La conférence d’Annapolis a été un échec, la mission du Quartet et de son envoyé spécial, M. Tony Blair, une farce. Tout s’est passé comme si la volonté politique d’appliquer les accords d’Oslo, dans l’esprit des résolutions de l’ONU qui prévoyaient la création d’un État palestinien viable, avait tragiquement fait défaut. Je ne prétends pas que certains n’étaient pas sincères, mais en tout cas tous ne l’étaient pas.
Naturellement, l’envoi de missiles, même rustiques, sur Israël à partir de la bande de Gaza est une agression susceptible de frapper des innocents, une violation du droit international, mais le blocus de Gaza et le refus d’Israël d’appliquer les clauses de l’accord de cessez-le-feu étaient eux-mêmes illégaux et affectaient des populations sans défense.
Les roquettes palestiniennes ne suffisent pas à légitimer l’offensive menée par Israël contre 1, 5 million de réfugiés concentrés dans un espace grand comme la moitié du Territoire de Belfort, soit environ 360 kilomètres carrés, qui a déjà fait plus de 1 000 morts et de 4 000 blessés.
Dans l’immédiat, le Gouvernement français et le Président de la République ont bien fait de chercher à réunir les conditions d’une trêve par le canal de l’Égypte pour sécuriser la frontière entre ce pays et la bande de Gaza. Cependant, monsieur le ministre, la France doit voir plus loin et garder une parole libre, franche et sans faux-fuyants, pour créer les conditions d’une réconciliation entre les Palestiniens eux-mêmes, préalable à une négociation loyale visant à l’instauration d’un État palestinien viable.
Il appartient à la France d’exercer son influence pour amener le président Obama à inverser l’ordre des priorités qu’il a énoncées et à mettre en tête de son ordre du jour l’enclenchement d’une négociation israélo-palestinienne plutôt que le renforcement des troupes de l’OTAN en Afghanistan.
Le problème de Gaza, comme l’a dit le Président de la République, est un problème mondial, une manifestation insupportable de l’existence d’un droit international à deux vitesses. Il faut faire tomber la pression dans l’ensemble du monde arabo-musulman : c’est un préalable indispensable, une question de bon sens ! C’est ainsi que l’on asséchera le terreau du terrorisme et que l’on créera les meilleures conditions d’une normalisation avec l’Iran, d’un retrait pacifique des troupes américaines d’Irak et d’une solution politique du problème afghan.
Comme l’a dit un chercheur que vous connaissez sans doute, M. Dominique Moïsi, le problème israélo-palestinien est devenu la matrice des relations internationales.

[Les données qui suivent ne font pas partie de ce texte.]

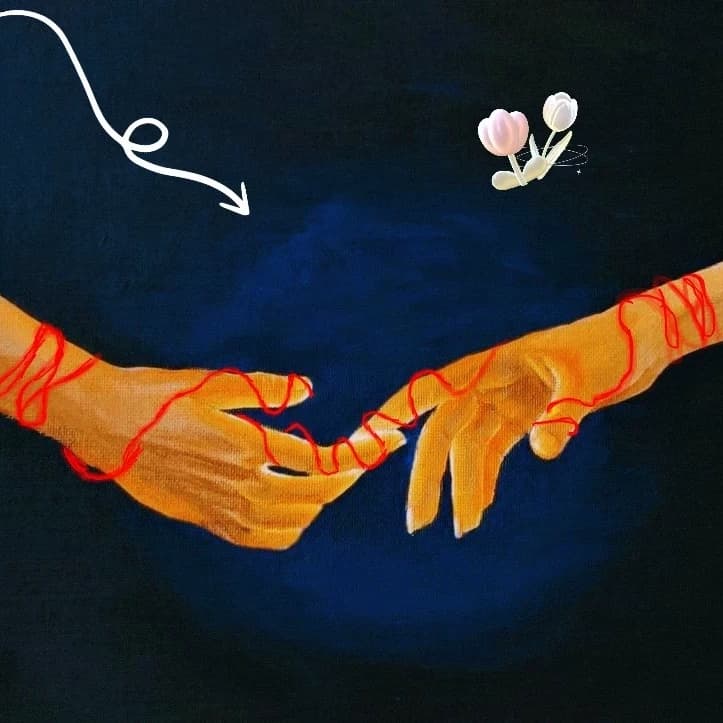 Thumbnail of Поощряйте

Comprenons-le avant qu’il ne soit trop tard. La négociation avec l’ensemble des Palestiniens est dans l’intérêt de tous les peuples, y compris celui d’Israël. La sécurité à long terme de ce dernier est commandée par la normalisation de ses relations avec tous ses voisins, et plus généralement par la modernisation du monde arabo-musulman. Cette négociation est également dans l’intérêt de la paix et dans celui de la France, dont le projet d’Union pour la Méditerranée ne peut réussir qu’à cette condition.
Nous attendons, monsieur le ministre, de la part du Gouvernement français, moins de faux-fuyants et moins d’expressions biaisées. Vous semblez surpris par mes paroles, mais vous avez fait la déclaration suivante dans les colonnes du quotidien Le Parisien-Aujourd’hui en France, le 11 janvier : « Le Hamas représente quelque chose dans le peuple palestinien, il est donc indispensable que certains aient des contacts avec eux. » Pourquoi pas nous ?
La liberté de parole et d’action de la France sera également le plus sûr moyen de faire reculer la tentation d’importer sur notre sol le conflit du Proche-Orient et les haines fanatiques qu’il suscite. La République est une exigence dans l’ordre intérieur – M. Cambon a parlé de la laïcité –, mais c’en est aussi une dans l’ordre extérieur ! C’est l’exigence d’une parole juste et libre.